「スポーツ × AI × データ解析でスポーツの観方を変える」

日本7人制ラグビー東京五輪への課題

2018 5/5 09:00藤井一
ラグビー,トライ
このエントリーをはてなブックマークに追加

日本男子セブンスの現状

2016年からオリンピックの正式競技になった男女の7人制ラグビーが、世界で広まりを見せている。15人制では日本よりはるかに弱いケニア、スペイン、ロシアが7人制ラグビーの強化を進めており、ワールドラグビーセブンズシリーズに出場を果たした。

ワールドラグビーセブンズシリーズとは、7人制ラグビーの世界大会であり、出場できるのはコアチームと呼ばれる15ヶ国とゲストで選ばれた1ヶ国の16チーム。4チーム4プールに分かれ総当たり戦で優勝を争う。

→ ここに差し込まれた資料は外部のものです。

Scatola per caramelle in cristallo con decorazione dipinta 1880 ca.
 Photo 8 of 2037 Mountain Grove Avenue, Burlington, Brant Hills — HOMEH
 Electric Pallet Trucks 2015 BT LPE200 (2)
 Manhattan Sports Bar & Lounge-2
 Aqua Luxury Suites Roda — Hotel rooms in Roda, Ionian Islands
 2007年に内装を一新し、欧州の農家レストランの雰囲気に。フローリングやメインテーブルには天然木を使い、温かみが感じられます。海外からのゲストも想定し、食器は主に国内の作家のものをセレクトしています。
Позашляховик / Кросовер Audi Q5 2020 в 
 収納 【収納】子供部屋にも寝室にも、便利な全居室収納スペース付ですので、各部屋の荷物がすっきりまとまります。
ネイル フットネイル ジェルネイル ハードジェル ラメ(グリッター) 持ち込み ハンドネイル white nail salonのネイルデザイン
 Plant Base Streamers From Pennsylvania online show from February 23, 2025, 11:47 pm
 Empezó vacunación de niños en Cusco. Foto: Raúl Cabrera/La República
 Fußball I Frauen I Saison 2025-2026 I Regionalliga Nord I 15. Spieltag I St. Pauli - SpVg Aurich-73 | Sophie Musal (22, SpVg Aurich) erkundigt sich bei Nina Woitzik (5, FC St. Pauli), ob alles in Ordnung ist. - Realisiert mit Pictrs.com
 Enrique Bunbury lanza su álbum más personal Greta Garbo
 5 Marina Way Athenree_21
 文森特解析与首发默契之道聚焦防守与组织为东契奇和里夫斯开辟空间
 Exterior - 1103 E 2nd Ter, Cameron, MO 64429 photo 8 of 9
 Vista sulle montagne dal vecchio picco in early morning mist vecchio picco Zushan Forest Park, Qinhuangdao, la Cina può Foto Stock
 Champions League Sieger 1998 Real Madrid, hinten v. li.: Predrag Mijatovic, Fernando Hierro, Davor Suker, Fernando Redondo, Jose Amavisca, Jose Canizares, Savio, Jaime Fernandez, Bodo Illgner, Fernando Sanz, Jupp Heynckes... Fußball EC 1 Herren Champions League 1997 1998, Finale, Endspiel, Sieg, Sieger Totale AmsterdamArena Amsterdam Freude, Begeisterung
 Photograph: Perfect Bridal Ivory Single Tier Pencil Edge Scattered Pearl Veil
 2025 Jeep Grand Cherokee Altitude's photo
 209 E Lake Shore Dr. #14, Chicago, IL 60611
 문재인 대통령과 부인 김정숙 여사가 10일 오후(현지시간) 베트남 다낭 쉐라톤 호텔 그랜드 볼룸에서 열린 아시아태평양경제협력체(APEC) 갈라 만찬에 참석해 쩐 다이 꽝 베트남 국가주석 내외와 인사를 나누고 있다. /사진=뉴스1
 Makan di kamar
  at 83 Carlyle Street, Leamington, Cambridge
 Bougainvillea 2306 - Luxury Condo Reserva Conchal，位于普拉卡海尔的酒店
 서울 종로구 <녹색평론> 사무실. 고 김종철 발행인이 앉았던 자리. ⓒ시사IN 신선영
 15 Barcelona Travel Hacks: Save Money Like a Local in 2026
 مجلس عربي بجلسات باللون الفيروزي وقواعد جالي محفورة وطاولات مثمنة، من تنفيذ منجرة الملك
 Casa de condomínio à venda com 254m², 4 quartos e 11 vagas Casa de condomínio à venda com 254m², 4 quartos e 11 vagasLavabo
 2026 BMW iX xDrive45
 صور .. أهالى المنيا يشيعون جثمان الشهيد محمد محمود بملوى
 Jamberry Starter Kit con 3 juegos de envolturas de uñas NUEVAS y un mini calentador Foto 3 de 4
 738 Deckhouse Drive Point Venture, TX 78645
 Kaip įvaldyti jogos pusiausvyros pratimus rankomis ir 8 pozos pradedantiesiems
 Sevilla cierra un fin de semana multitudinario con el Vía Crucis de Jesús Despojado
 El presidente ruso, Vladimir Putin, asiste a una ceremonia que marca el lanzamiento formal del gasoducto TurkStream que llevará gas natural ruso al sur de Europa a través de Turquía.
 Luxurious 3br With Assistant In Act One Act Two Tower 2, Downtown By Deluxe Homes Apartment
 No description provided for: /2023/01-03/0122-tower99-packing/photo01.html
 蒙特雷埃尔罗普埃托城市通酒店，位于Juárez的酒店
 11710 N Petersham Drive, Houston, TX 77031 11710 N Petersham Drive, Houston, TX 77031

日本の男子セブンズは2016年のリオデジャネイロオリンピックの予選プールでニュージーランドを破り、堂々4位に入ったのだが、その後のワールドシリーズではいい成績があげられず、コアチームから降格していたのだ。

 そのコアチーム昇格を賭けた予選大会が4月6~8日、ホンコンで開催され、日本は準決勝でアイルランドに、決勝でドイツにそれぞれ際どく逆転勝ちし、昇格を決めた。日本は今までコアチームから降格や昇格をくり返しており、これが3度目の昇格となる。

日本女子セブンズ(サクラセブンズ)の現状

女子は現在コアチームおり、1月26日~28日にオーストラリアで行われた「HSBCワールドラグビー女子セブンズシリーズ オーストラリア大会」で、強豪イングランドから初白星を奪う快挙をみせた。

自国開催の「HSBC ワールドラグビー 女子セブンズシリーズ 北九州大会(4月21日~22日)」で、ニュージーランド、フランス、アメリカと共にプールBに組み込まれたサクラセブンズ。全敗のまま迎えたカナダとの最下位決定戦でも負け越し12位に終わってしまった。

ホーム開催のため、多くの応援があった日本女子セブンズ代表たちは、悔しさと共に世界の壁がさらに高くなっていることを実感した。コアチーム残留が危うくなっており、練習方法、練習相手の確保、フィジカル面など全ての面で成長が望まれている。

大学レベルの強化も必要

4月15日、秩父宮ラグビー場で第19回東日本大学セブンズが開催された。この大会の本来の目的は学生ラグビー7人制の強化にあるのだが、トップレベルで継続的に7人制の強化を行っている大学は未だない。

オリンピックに向けて継続的に7人制チームを強化していきたいが、15人制のような知名度はなく難しい状況になっている。国籍や年齢などを考慮しながら、早急に強化しなければならない課題なのだが、トップリーグでも大学でもなかなか7人制の代表選手が集まっていないのだ。

7人制のスキルは15人制でも活きる。一方で昨年、新潟大が早稲田大を破ったように特化して練習を積めば番狂わせが起きてしまう。多くのチームが直前にメンバーを選考し、戦術面では極めて表層的な練習だけで大会に臨んでいることが原因だ。

ほとんどの大学が7人制の戦いになっておらず、本来の目的を失ってしまっている。

金メダルのためには

2020年の東京では男女ともメダル獲得(協会は「金」と言っている)が目標だが、そのためには最低限コアチームに所属して世界のトップレベルと戦い、チーム力を上げ、その目標に近づかなければならないだろう。少なくとも来年の今頃、またコアチームから降格となれば、もう2020年までコアチームとして戦えず、十分な実戦経験を積むことができなくなる。

加えて、大学レベルでの強化が進まなければ、これまでと同様に15人制ラグビー専任の選手から選出することも考えなければならなくなる。7人制専任選手の選出、育成のためにも早急な体制見直しが必要だ。